AAIP is an economic immigration program that enables Alberta to nominate qualified workers for permanent residency.
Officials explained that If newcomers have an established support system already in place when they accept a job in the province, they are more likely to have an easier transition to a new culture and community. In addition to making the integration into Alberta life easier, it also helps retain these workers over the longer term.
Industry experts predict that Alberta will experience skilled worker shortages into 2025 due to industry growth and retiring workers. Currently, Alberta has 100,000 job openings in the province across all sectors. In-demand sectors include healthcare, construction, education, technology and engineering.
The announcement comes as Calgary’s construction industry is raising concerns about the region’s shortage of skilled construction workers. The Calgary Construction Association (CCA) that despite a growing demand for new homes and construction projects, both commercial and residential builders are struggling to find enough workers to keep up with the pace of development.
The shortage is being attributed to several factors, including strong demand for record migration to the region, an aging workforce, and a lack of young people entering the industry. Many experienced construction workers have also retired or left the industry, leaving a gap in the labour market.
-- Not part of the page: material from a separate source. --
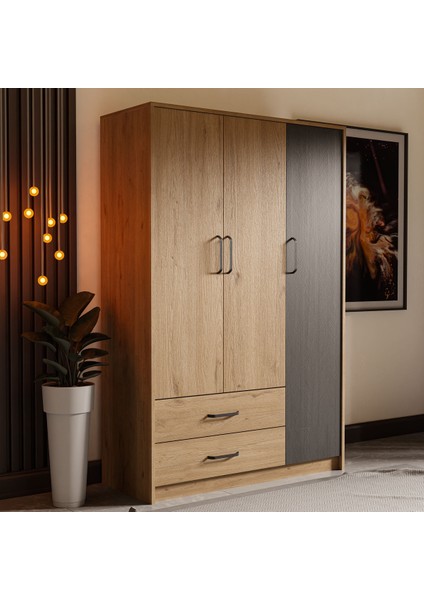 Grande Modern Antrasit 3 Kapılı Gardırop – Suntalam, 2 Çekmeceli, 5 Raflı, Aynasız ve Fonksiyonel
“This is an issue that we have been bracing for, over recent years, if not decades,” said Bill Black, CCA president. “Our concern is that this year and in the near future, the skilled worker shortage will become a key issue.”
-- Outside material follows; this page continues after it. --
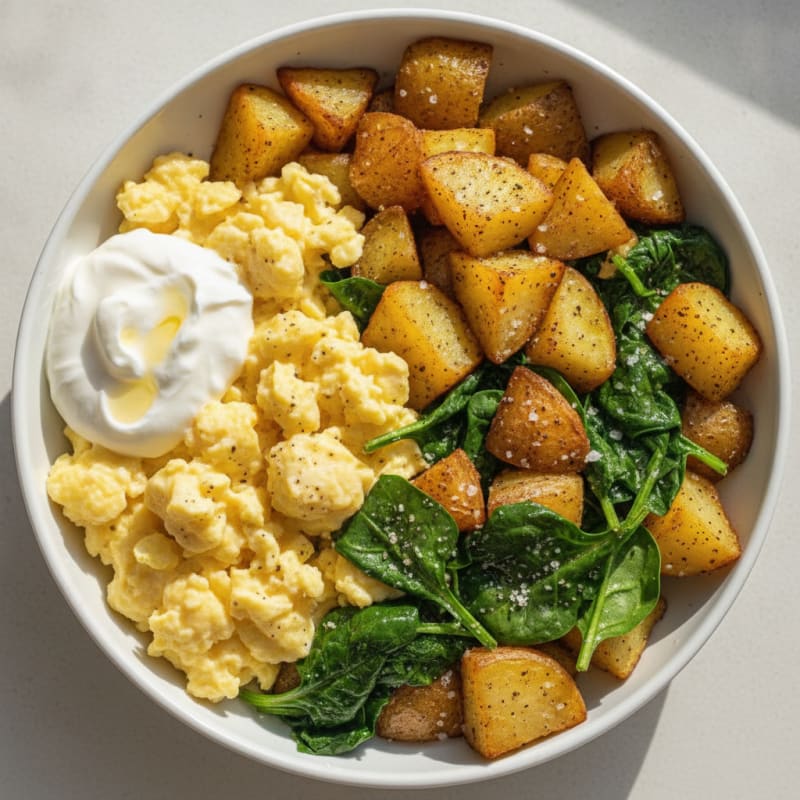 Eggs with Roasted Spinach and Potatoes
The association estimates that there are between 3,000 to 4,000 construction job vacancies in the Calgary region alone. Nationally, the number of construction job vacancies is estimated at 93,000.
“This is a problem that not only affects Calgary and Alberta but Canada as a whole,” said Black. “The Calgary region isn’t just competing with the rest of Alberta for talent, but the entire Country.”
The association explained that the lack of workers impacts the completion schedules of new homes and infrastructure projects, which drives up costs for builders, consumers, and owners.
Black added that construction employers are stepping up to the challenge on an industry scale, but despite this, the situation is expected to worsen unless significant steps are taken to address the shortage of construction workers. The association believes that the shortage is indicative of a societal problem that requires action from all levels of government, the educational sector, in addition to the industry itself.
The CCA said that possible solutions include revising outdated accreditation recognition for newcomers coming to Canada to seek and place high-value-specific skills that are transferable to construction. This means a rework of the immigration points system favour such skills and experience.
The association also noted that the school system needs to reverse a trend over recent years that has reduced junior high and high school student exposure to the trades, and greater funding for post-secondary institutions like the Southern Alberta Institute of Technology (SAIT) which have the mandate to train the next generation of Alberta’s skilled trades.
In addition to being a key resource to society in building and servicing the communities that we live in, the construction industry offers significant opportunities and long-term career prospects for those who chose this path including low entry cost of education, good compensation, and entrepreneurial opportunities for those who aspire to be a business owner.